→ **Data shown**
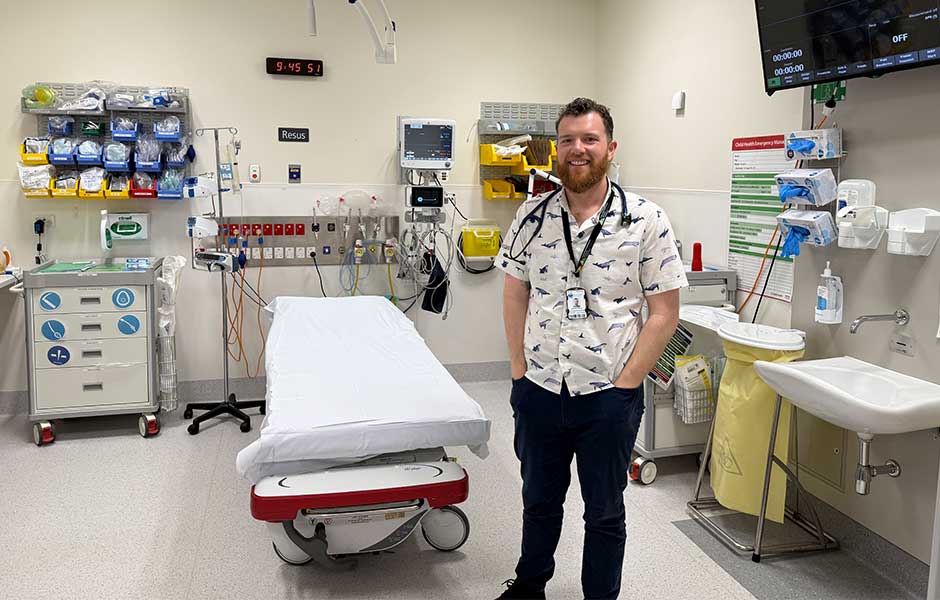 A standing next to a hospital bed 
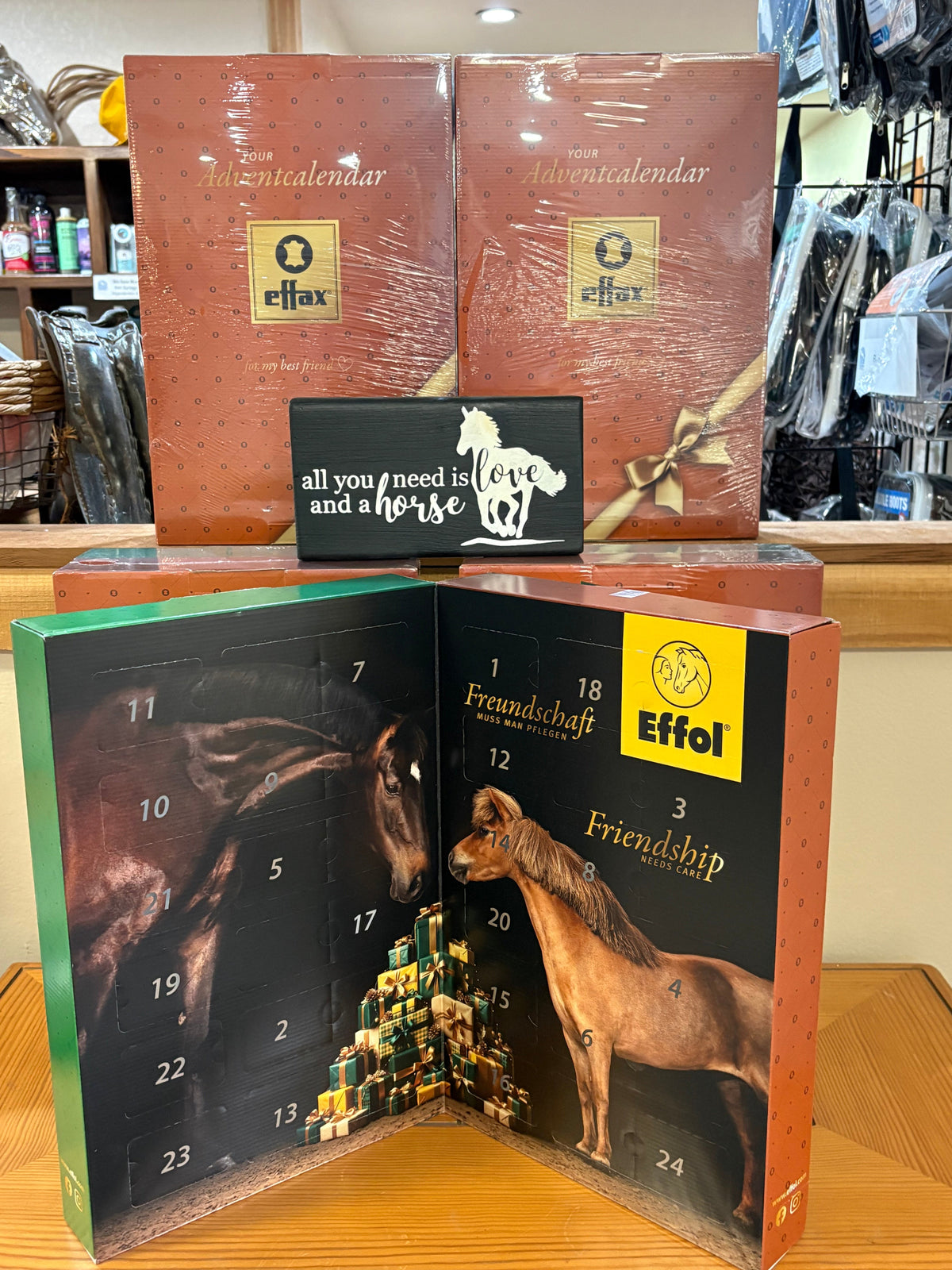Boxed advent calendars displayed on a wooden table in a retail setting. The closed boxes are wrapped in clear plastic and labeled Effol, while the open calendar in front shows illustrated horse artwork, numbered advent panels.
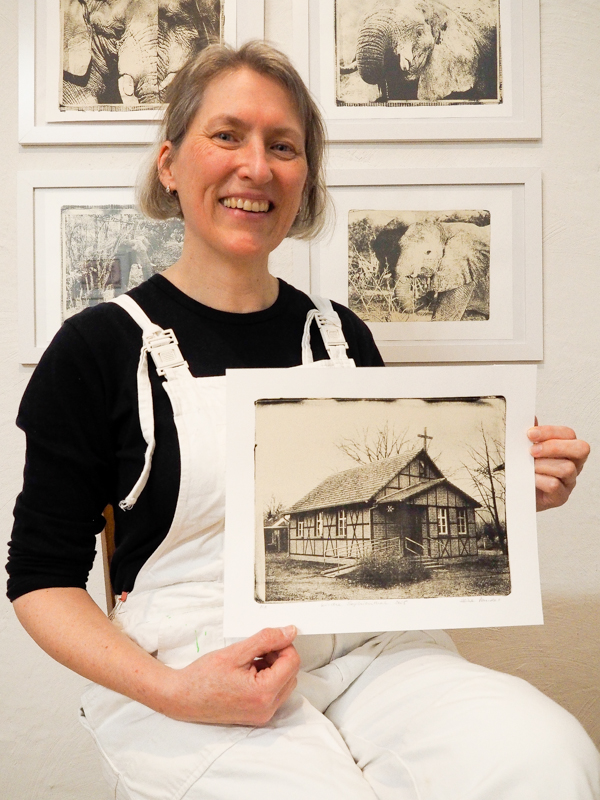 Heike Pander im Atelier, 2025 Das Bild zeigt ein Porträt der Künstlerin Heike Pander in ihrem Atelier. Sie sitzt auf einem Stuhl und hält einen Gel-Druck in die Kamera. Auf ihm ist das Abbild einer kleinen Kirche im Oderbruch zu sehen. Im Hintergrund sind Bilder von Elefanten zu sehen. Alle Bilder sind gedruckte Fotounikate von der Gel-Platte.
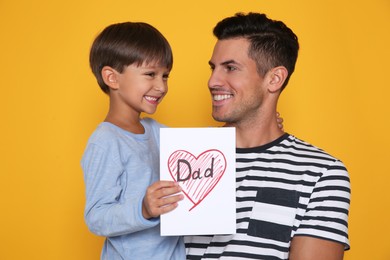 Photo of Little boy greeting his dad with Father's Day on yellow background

--

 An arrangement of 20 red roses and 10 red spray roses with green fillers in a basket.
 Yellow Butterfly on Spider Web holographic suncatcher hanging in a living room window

* * *

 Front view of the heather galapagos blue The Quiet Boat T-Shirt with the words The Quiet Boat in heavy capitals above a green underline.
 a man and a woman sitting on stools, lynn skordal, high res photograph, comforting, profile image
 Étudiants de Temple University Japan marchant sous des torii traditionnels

→ **Task item**
Once you have counted every line in the listing that holds the string "green", give that number and nothing else.

→ **Answer space**
2